Liverpool manager Kenny Dalglish will be better prepared for his second meeting with Manchester United in two months than he was back in January.
And he hopes for a better result after conceding a first-minute penalty and having Steven Gerrard sent off after half an hour in the 1-0 FA Cup third round exit.
Dalglish walked out of the Old Trafford tunnel on January 9 less than 24 hours after stepping off a long-haul flight having cut short a cruise holiday in the Persian Gulf to take over from Roy Hodgson.
His predecessor had been sacked the previous evening and Dalglish only got to speak to the players at 10am on the morning of the game.
The Scot, 60 today, inherited a side in disarray, 12th in the table and only four points off the relegation zone.
In two months he has produced a remarkable turnaround and Liverpool are now in a much healthier sixth position with last Sunday's defeat at West Ham their first in eight matches.
And with United having lost at Chelsea in midweek and suffering defensive problems with injuries and suspension it appears the north-west arch-rivals meet at Anfield on Sunday on a more level playing field.
Dalglish has had all week to work with his players ahead of the visit of the Barclays Premier League leaders, who are looking to go past Liverpool's haul of 18 titles this season.
"I never had any time (ahead of their FA Cup meeting). I was in transit but the lads had been well prepared here," said the Scot.
"But obviously that went out the window a little bit in the first minute when they got a penalty and Steven got sent off.
"You can prepare as much as you want but you can't prepare for things like that."

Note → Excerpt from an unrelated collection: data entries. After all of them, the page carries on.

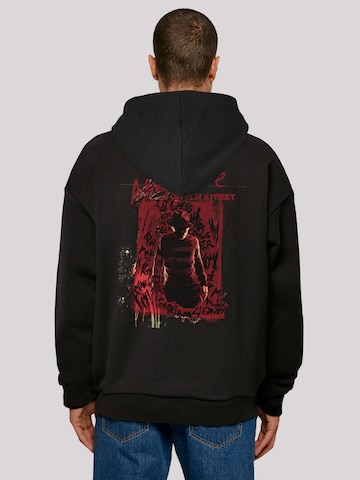 F4NT4STIC Sweatshirt 'Nightmare On Elm Street Freddy Silhouette' in Rood: voorkant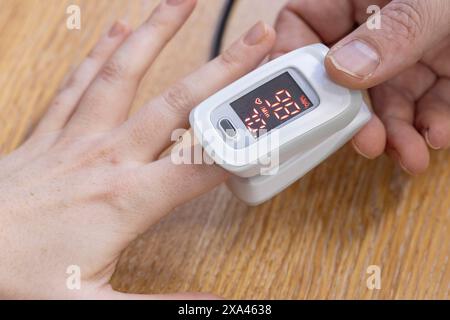 Fingertipp-Pulsoximeter am Finger einer Person. Stockfoto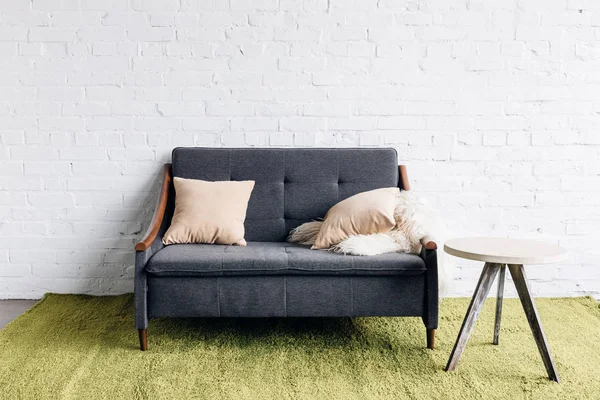 Small couch in modern living room with white brick wall, mockup concept — Stock Photo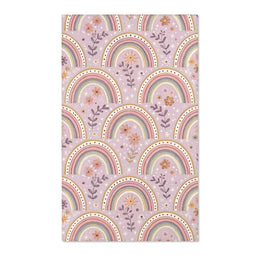 Blush arch nursery area rug on a soft mauve ground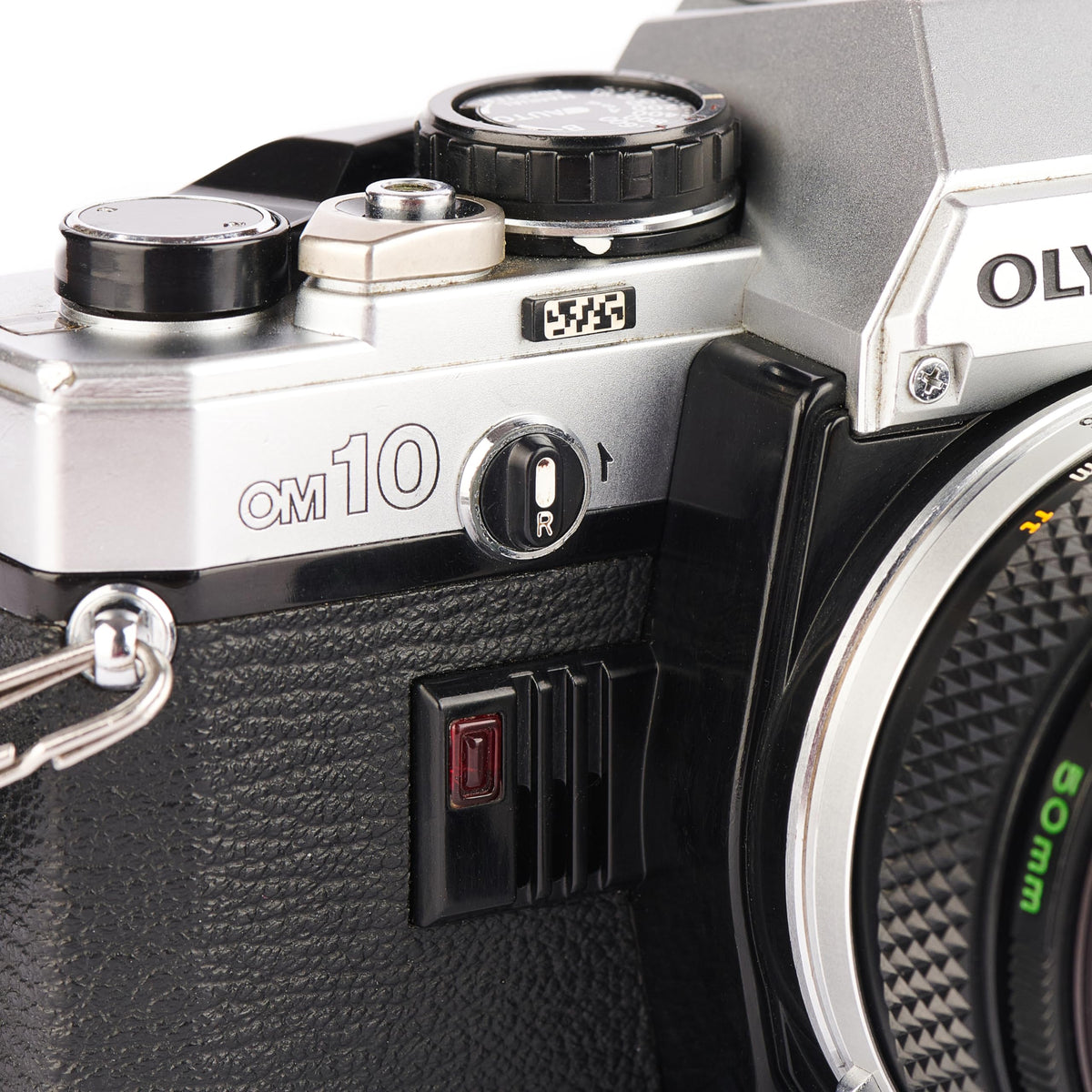 Olympus OM-10 film back showcasing classic film loading for creative projects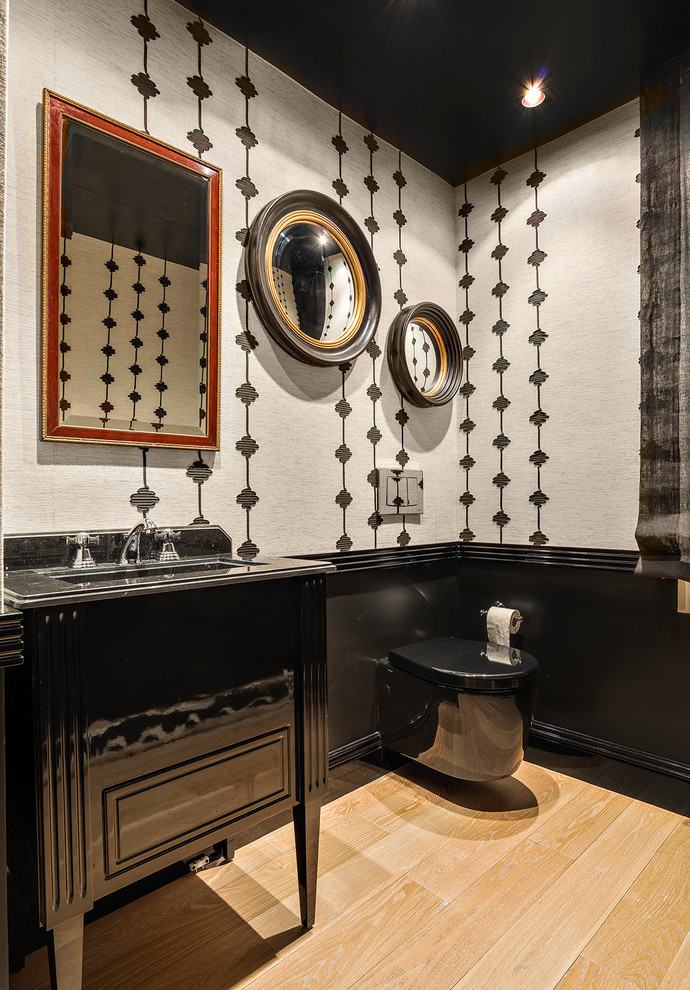 This is an example of an expansive transitional powder room in Madrid.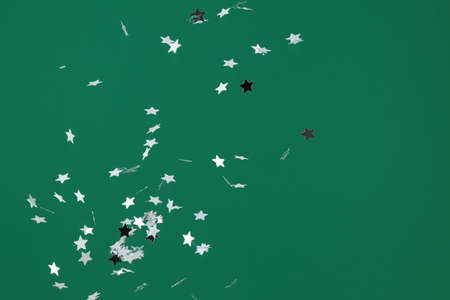 Beautiful confetti on green backgroundの写真素材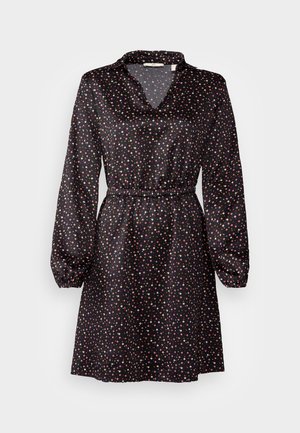 Vestido negro de manga larga, con cuello con solapa y cintura elástica. Presenta un patrón de estrellas coloridas por todo el tejido. Textura sedosa.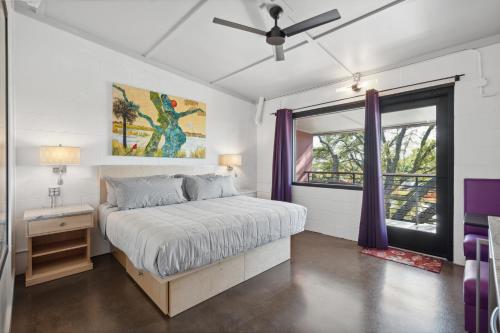 a bedroom with a bed with purple curtains and a window at Boutique Vera Hotel in the Heart of Folly Beach in Folly Beach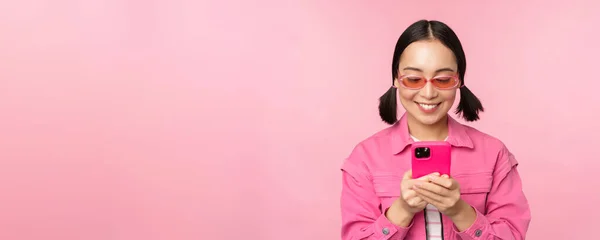 Porträtt av asiatisk flicka i solglasögon med hjälp av smartphone. Kvinna tittar på mobiltelefon, bläddrar i appen, står över rosa bakgrund — Stockfoto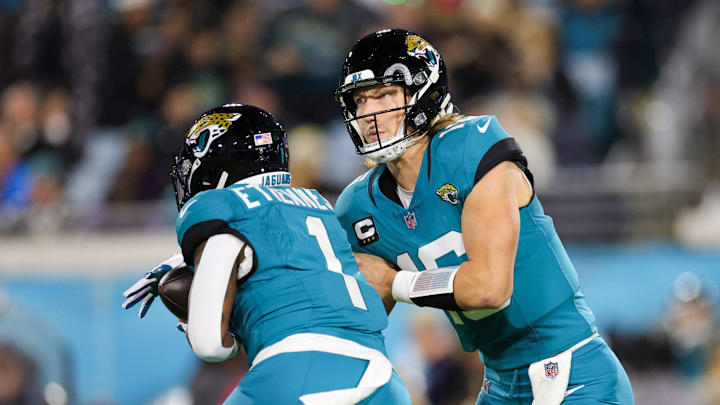 Dec 17, 2023; Jacksonville, Florida, USA;  Jacksonville Jaguars quarterback Trevor Lawrence (16) hands off to running back Travis Etienne Jr. (1) against the Baltimore Ravens in the first quarter at EverBank Stadium. Mandatory Credit: Nathan Ray Seebeck-Imagn Images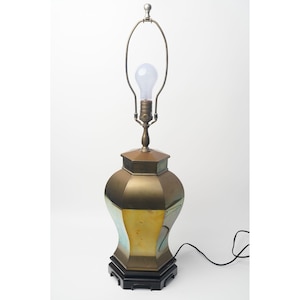 May include: A vintage brass table lamp with an octagonal base and a matching shade. The lamp has a bulb and a black cord. The lamp is a decorative lighting fixture.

Dalglish will urge his players to be competitive but controlled against Sir Alex Ferguson's side, who have had their own recent discipline problems with Wayne Rooney escaping punishment for an unprovoked elbow on Wigan's James McCarthy last weekend and Nemanja Vidic suspended for Sunday's game after being sent off against Chelsea.

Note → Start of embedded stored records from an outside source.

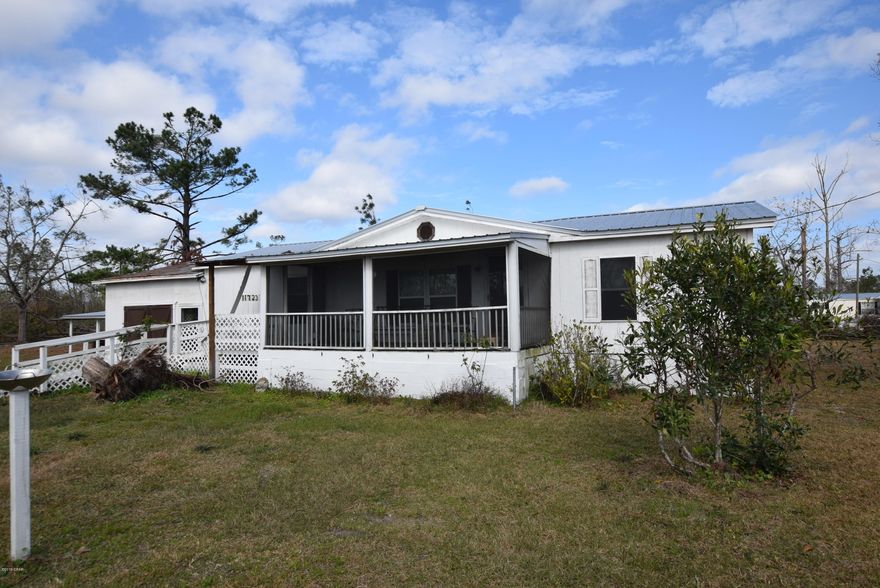 CURRENTLY UNDER CONTRACT, SELLER ACCEPTING BACKUP OFFERS. Well maintained double wide mobile home on almost 1 acre of land.  New metal roof 2 years ago.  No storm damage to the home.  There is an attached enclosed carport and a a wired workshop.  Peaceful country living only 20 minutes from Marianna, 45 minutes to Panama City Beach, and only 2 hours from Tallahassee. Priced to sell!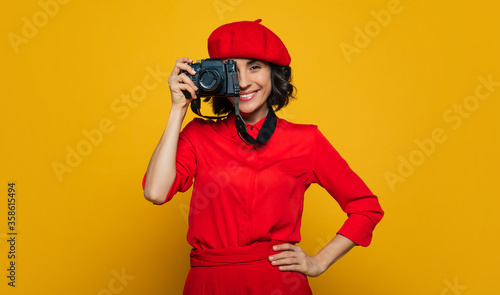 Nice big smiles, everybody! Half-length photo of a cute toothy smiling woman on her vacation, french style dressed, carrying a camera on a strap on her neck, ready to make a photo.
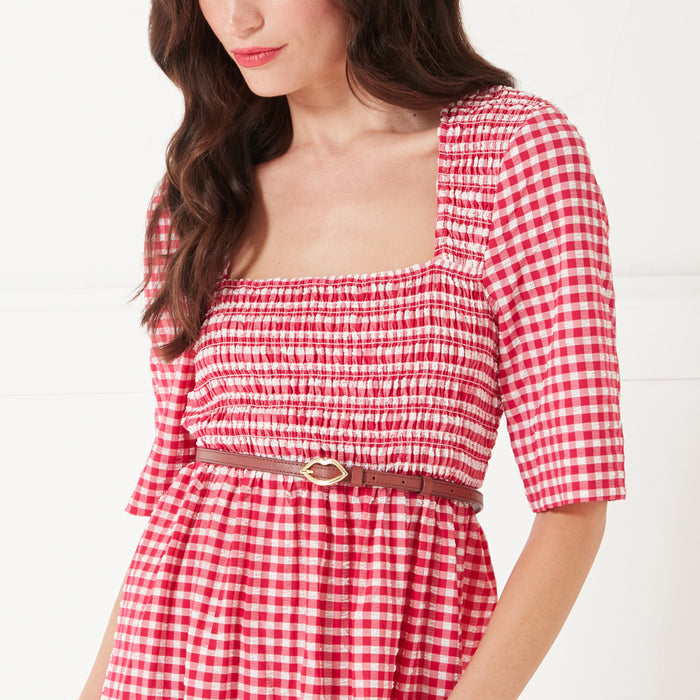 Close up image of a women wearing a red gingham print dress and a tan brown leather belt with a gold lip buckle on her waist.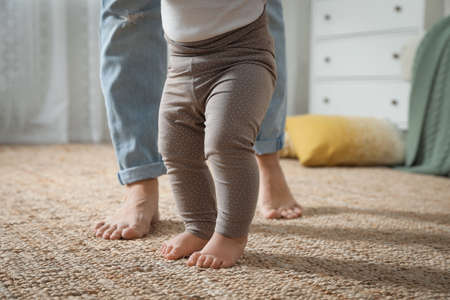 Mother supporting her baby daughter while she learning to walk at home, closeupの写真素材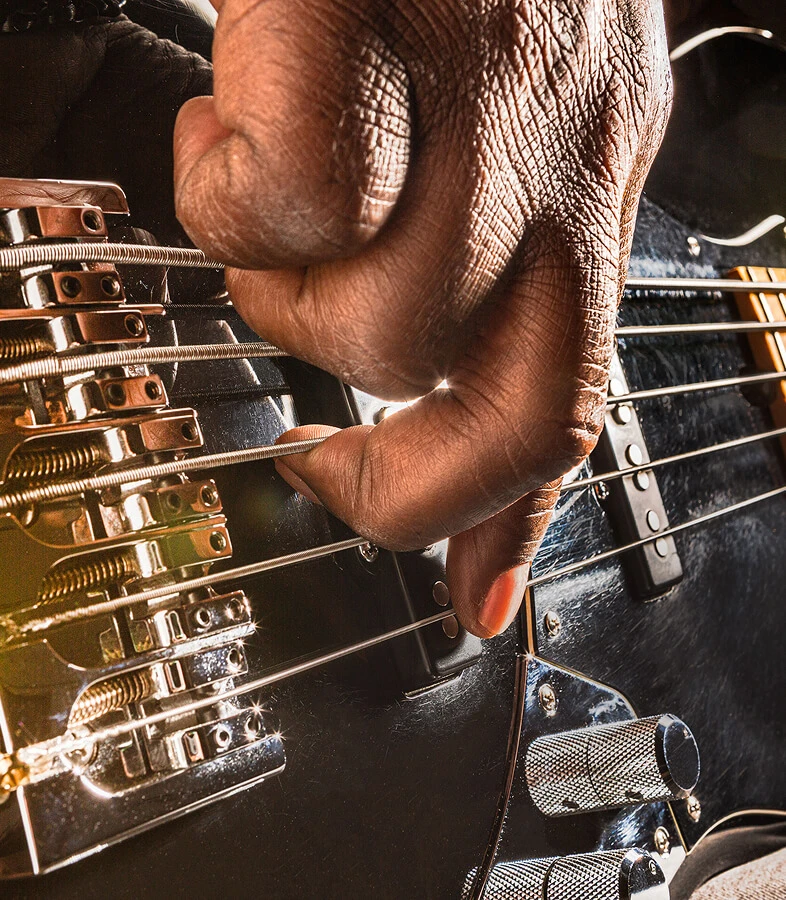 A player's hand plucking the strings of a five-string bass near the bridge.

"It's hard for us to talk about discipline when we got somebody sent off in the last game but I don't think it's difficult to be disciplined," said the Reds boss.
"You have to compete and it's a fine line as to how you do that.

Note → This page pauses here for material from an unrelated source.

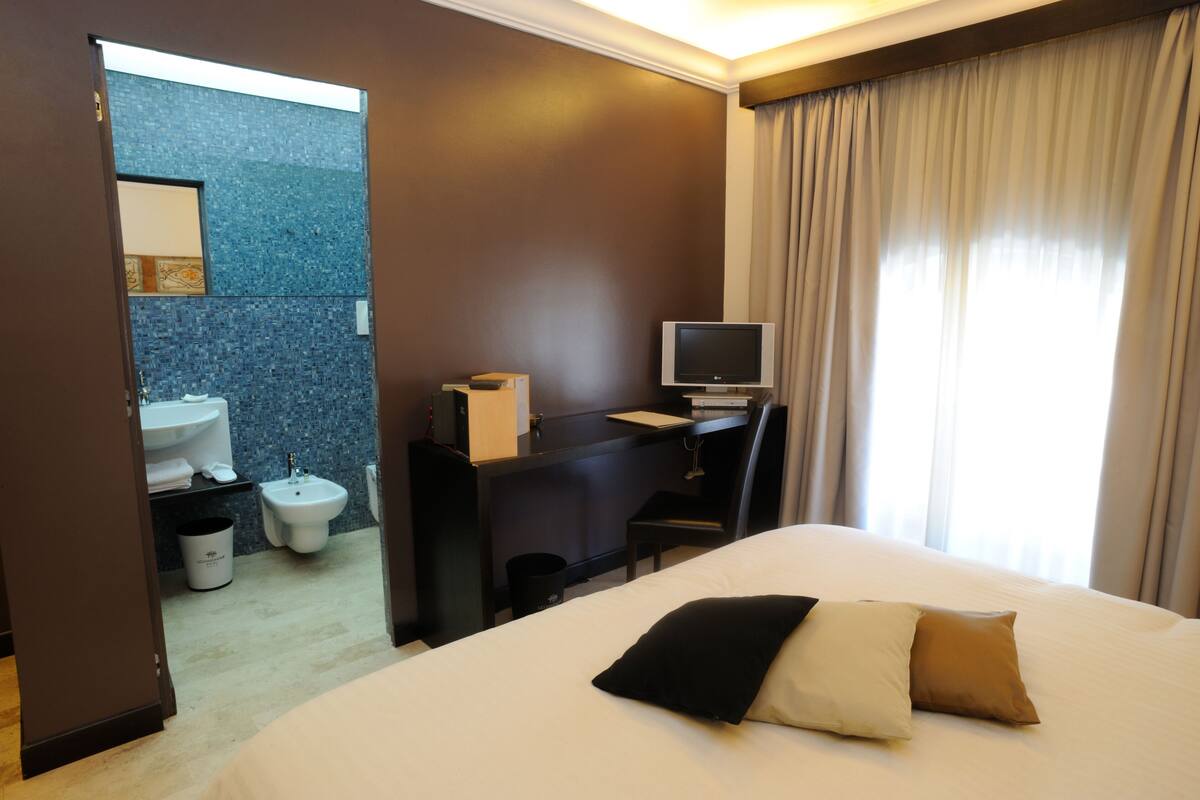Habitación de hotel con cama, escritorio con computadora, televisión, baño con lavamanos e inodoro, y ventana con cortinas.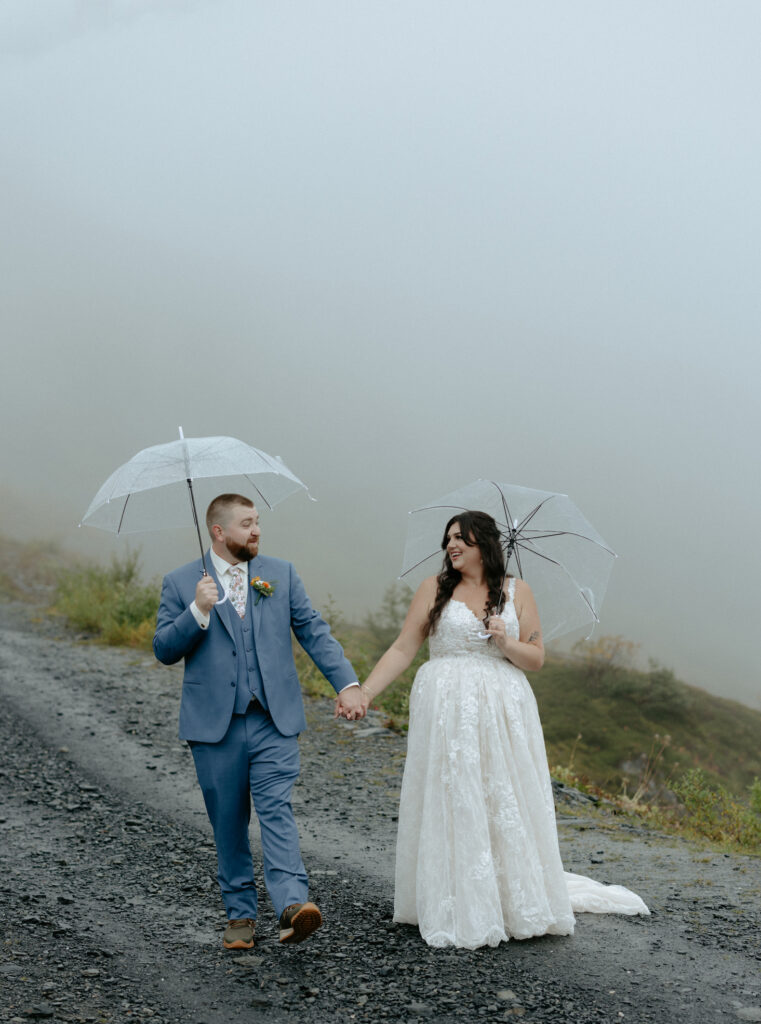 Man and woman walking while holding umbrellas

"If you do something stupid you deserve to be sent off. I don't think there is a problem with discipline from either team - certainly from us there is no problem.
"You've got to have controlled aggression, not just for this game but for any game.
"You can't go around punching and kicking and headbutting people and expect to stay on the pitch.
"It's got to be within the rules of the game. The lads know the rules but they also know we've got to compete."
Despite the obvious rivalry of a clash between the country's two most decorated clubs of the last four decades Dalglish has tried to play down the significance of one match.
"Every game's very important for this football club but Liverpool-Manchester United is a game that a lot of people look forward to," he added.
"But you get the same rewards for it regarding points, although maybe a bit more credit and you might get a few more inches in the newspaper columns if you get a positive result.
"Every game is [against] a rival. Everybody that stands in front of you is an opponent.
"Everybody plays football to play at the highest level they possibly can and the games between Liverpool and Manchester United are what you term as the highest category of game you can get.
"I suppose anybody that's playing football would love to play in them."